11. The minutes of the G.A. are recorded on tape and de-recorded and published on responsibility of the Secretariat. If the President of the G.A. finds that the speaker uses words and expressions which insult the honour and reputation of individuals, members of the G.A. in particular, he then holds the right to suggest that these are taken back, otherwise he holds the right to forbid their recording in the minutes.
Furthermore, if the President finds such words or expressions recorded in the minutes he holds the right to order for them to be removed.
12. Every member of the sitting requesting to be called upon to speak on a personal subject or places an issue of procedure or order, is called by the President of the G.A. in order to explain in one minute the nature of the placed issue. If according to the President’s estimation an issue actually exists, he is then called upon to speak for three minutes. The G.A. decides on the issue which was placed.
13. Prime Ministers, presidents of parliaments, ministers, leaders of autocephalus Christian churches of member countries of the E.I.A.O. may be invited and to speak at the G.A. by notice of the Secretariat or even the President. By suggestion of the President of the G.A. and the Secretariat’s approval, non members of the Assembly may be invited in order to speak at the G.A. on a prearranged by the Secretariat subject or to observe the works of the G.A. without the right of speech unless these are held in camera.
14. International organisations or non governmental organisations, i.e. the European parliament, the Parliamentary Assembly of the Council of Europe, the Parliamentary Assembly of the W.E.U., the Parliamentary Assembly of the P.A.B.S.E.C, the North-Atlantic Assembly, the Parliamentary Assembly of the Security and Cooperation Council in Europe and others, may participate in the G.A. as observers, upon notice addressed to them by the President and approval of the Secretariat.

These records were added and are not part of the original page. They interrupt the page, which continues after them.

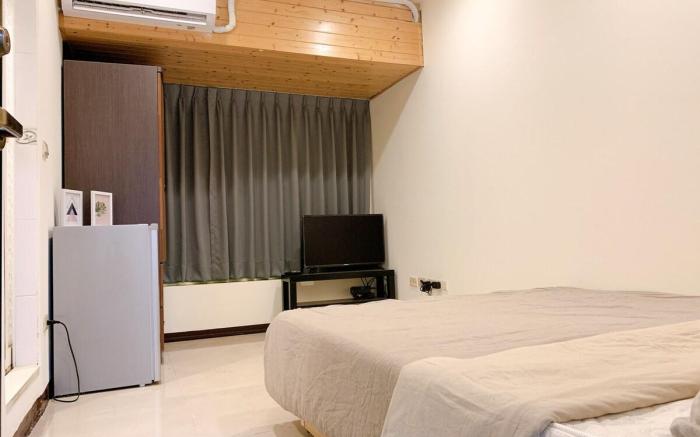 B2 1min to MRT Urban Comfort Zone: Taipei Escape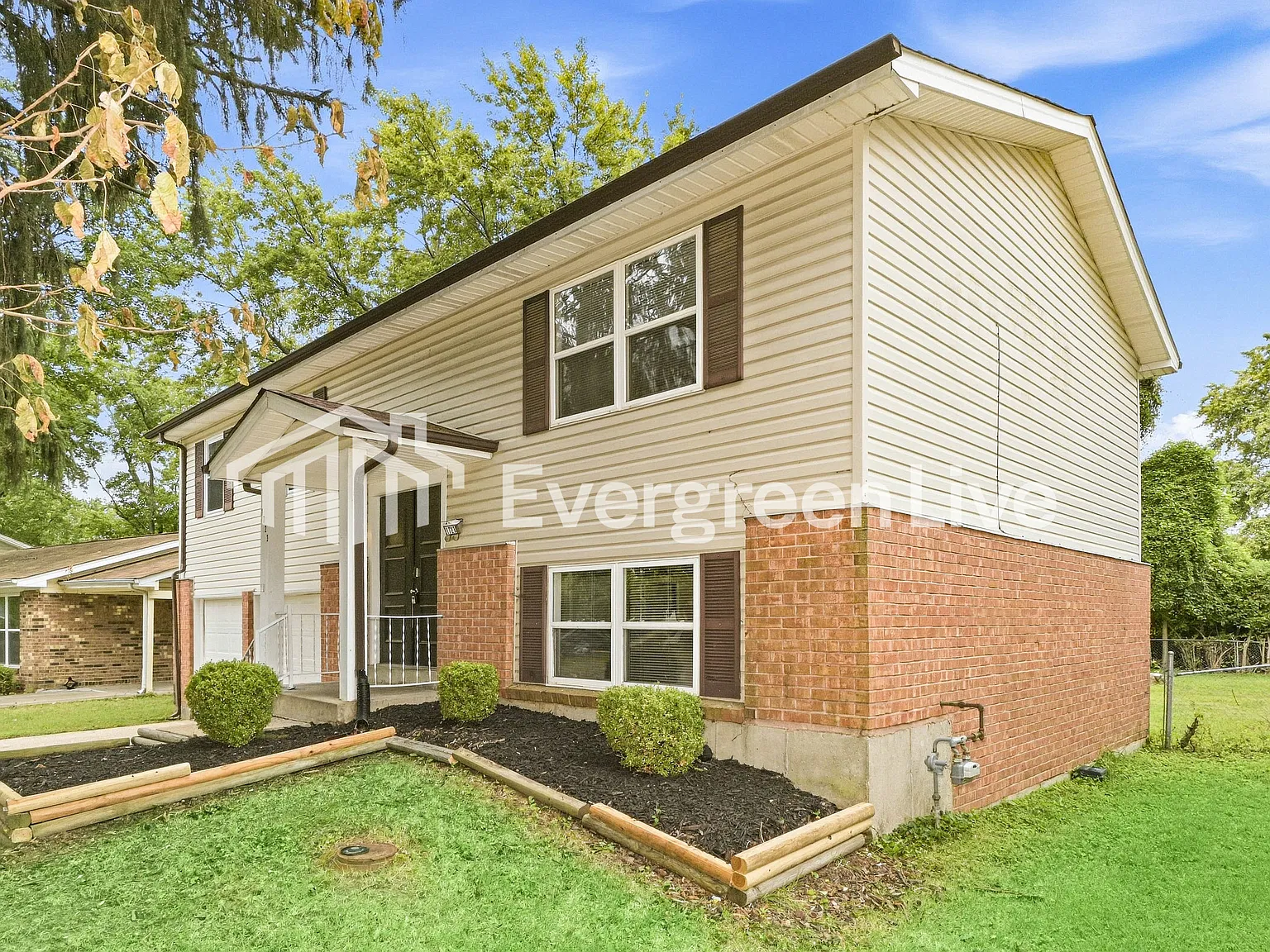3 bed, 2.0 bath, 1125 sqft, $1,695 — Photo 2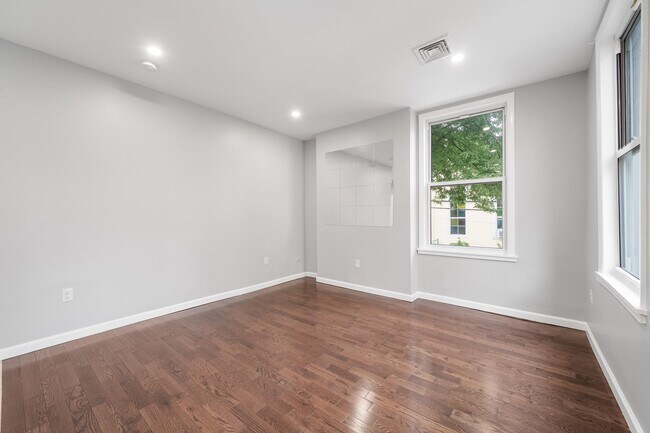 Building Photo - 42 Wildey St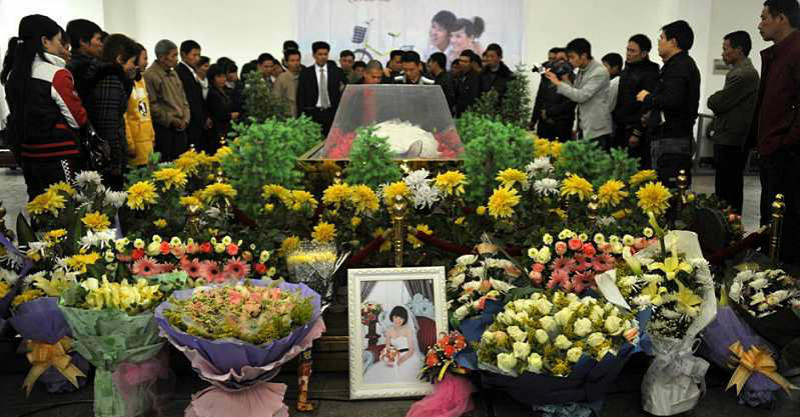 镜头下:一场火葬场的婚礼,感动亿万人!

1. The main responsibilities of the President of the G.A. are:

  • To convene the G.A. once a year during the month of June at a place which has been decided by the G.A.
  • To convene the G.A. extraordinarily whenever and in whatever way the present rules of order stipulate.
  • In order for the G.A. to convene invitations are sent to relative parliaments of the Assembly’s member states. -To preside at the General Assembly.
  • To contribute to the implementation of the General Assembly’s decisions.
  • To contribute to the distribution of the Assembly’s principles and the decisions of its organs.
  • To follow in cooperation with the General Secretariat the activity of international organisations, European and other, the European Union’s and actors’ having similar objectives as those of the E.I.A.O., to cooperate with theses and to project the views of the Assembly.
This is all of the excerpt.